In [8]:
import pandas as pd
from sklearn.model_selection import train_test_split
from sklearn.ensemble import RandomForestRegressor
from sklearn.metrics import mean_squared_error
from sklearn.preprocessing import LabelEncoder

# Load the dataset
df = pd.read_csv('../data/github_final.csv')

# Preprocessing
# For simplicity, let's exclude text-based features and focus on numeric ones and 'license' as a categorical feature
df['license'] = LabelEncoder().fit_transform(df['license'])  # Convert 'license' to numeric
features = ['license', 'days_since_created', 'forks_day', 'stars_day']
X = df[features]
y = df['stargazers_count']

# Split the dataset into training and testing sets
X_train, X_test, y_train, y_test = train_test_split(X, y, test_size=0.2, random_state=42)

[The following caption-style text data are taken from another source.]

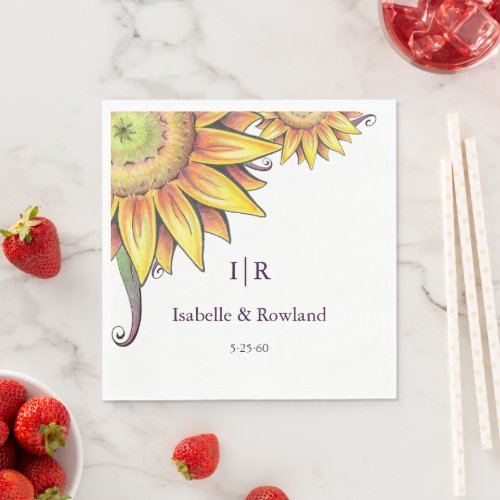 Customizable Monogram  Name Sunflower Wedding Napkins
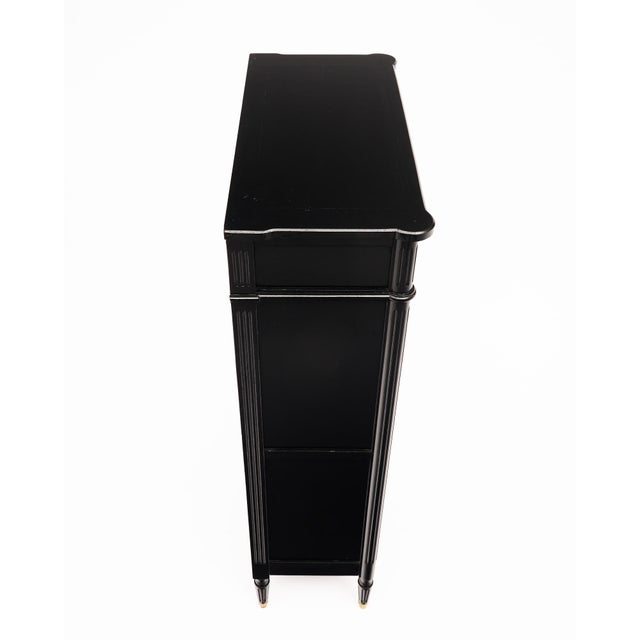 Petite French Louis XVI Style Ebonized Mahogany Vitrine For Sale - Image 9 of 9
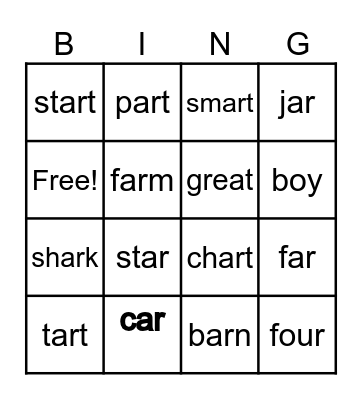 ar words Bingo Card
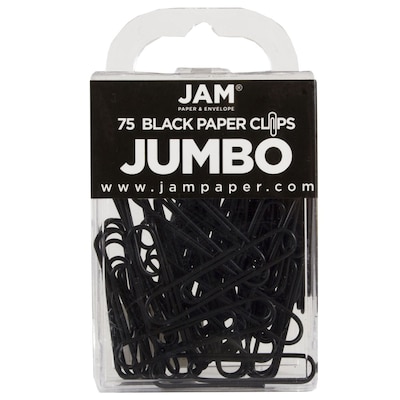 JAM Paper® Colored Jumbo Paper Clips, Large 2 Inch, Black Paperclips, 2 Packs of 75 (2184933a)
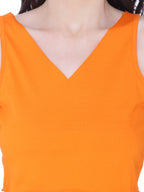 Autumn Hues Cotton Crop Top in Orange colour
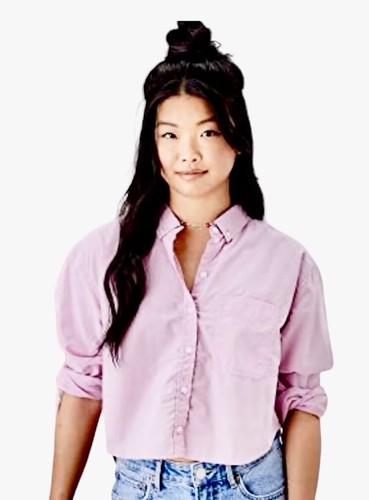 New With Tags American Eagle Women Cropped Button-Up Shirt Size XL - Picture 4 of 4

# Initialize and train the Random Forest Regressor
rf_regressor = RandomForestRegressor(n_estimators=100, random_state=42)
rf_regressor.fit(X_train, y_train)

# Predict on the testing set
y_pred = rf_regressor.predict(X_test)

# Evaluate the model
mse = mean_squared_error(y_test, y_pred)
rmse = mse ** 0.5

print(f"Mean Squared Error: {mse}")
print(f"Root Mean Squared Error: {rmse}")


Mean Squared Error: 17481221.651532706
Root Mean Squared Error: 4181.055088315951


## Linear Regression

In [15]:
from sklearn.linear_model import LinearRegression
from sklearn.metrics import mean_squared_error
from sklearn.model_selection import train_test_split

# Load the dataset
df = pd.read_csv('../data/github_final.csv')

# Preprocessing
# For simplicity, let's exclude text-based features and focus on numeric ones and 'license' as a categorical feature
features = ['forks_count', 'days_since_created']
X = df[features]
y = df['stargazers_count']

# Split the dataset into training and testing sets
X_train, X_test, y_train, y_test = train_test_split(X, y, test_size=0.2, random_state=42)

# Initialize and train the Linear Regression model
linear_regressor = LinearRegression()
linear_regressor.fit(X_train, y_train)

# Predict on the testing set
y_pred = linear_regressor.predict(X_test)

# Evaluate the model
mse = mean_squared_error(y_test, y_pred)
rmse = mse ** 0.5

print(f"Mean Squared Error: {mse}")
print(f"Root Mean Squared Error: {rmse}")


Mean Squared Error: 66075592.73115545
Root Mean Squared Error: 8128.689484237631


In [16]:
# Assuming the Linear Regression model is already trained (linear_regressor)

# Get the coefficients and the intercept
coefficients = linear_regressor.coef_
intercept = linear_regressor.intercept_

# Display the coefficients
print("Coefficients:")
for feature, coef in zip(features, coefficients):
    print(f"{feature}: {coef}")

# Display the intercept
print(f"\nIntercept: {intercept}")


Coefficients:
forks_count: 1.9459109661372487
days_since_created: 1.0631651295619904

Intercept: 3512.4868207386025


### Interpretation:
**Coefficients:** Each coefficient tells you the expected change in the stargazers_count (popularity) for a one-unit increase in the respective feature, assuming all other features remain constant. For instance, if the coefficient for forks_day is 200, it means that for each additional fork per day, the model predicts an increase of 200 in the stargazers_count, all else being equal.

Intercept: The intercept represents the model's prediction for the target variable when all the features are zero. In many contexts, the intercept might not have a practical interpretation (e.g., it's unlikely all features would be zero), but it's a necessary part of the model to align the regression line with the data.

Understanding these coefficients and the intercept helps in deciphering how each feature influences the prediction, providing a clearer picture of the data's underlying patterns. This interpretability is one of the main advantages of Linear Regression, allowing stakeholders to make informed decisions based on the model's insights.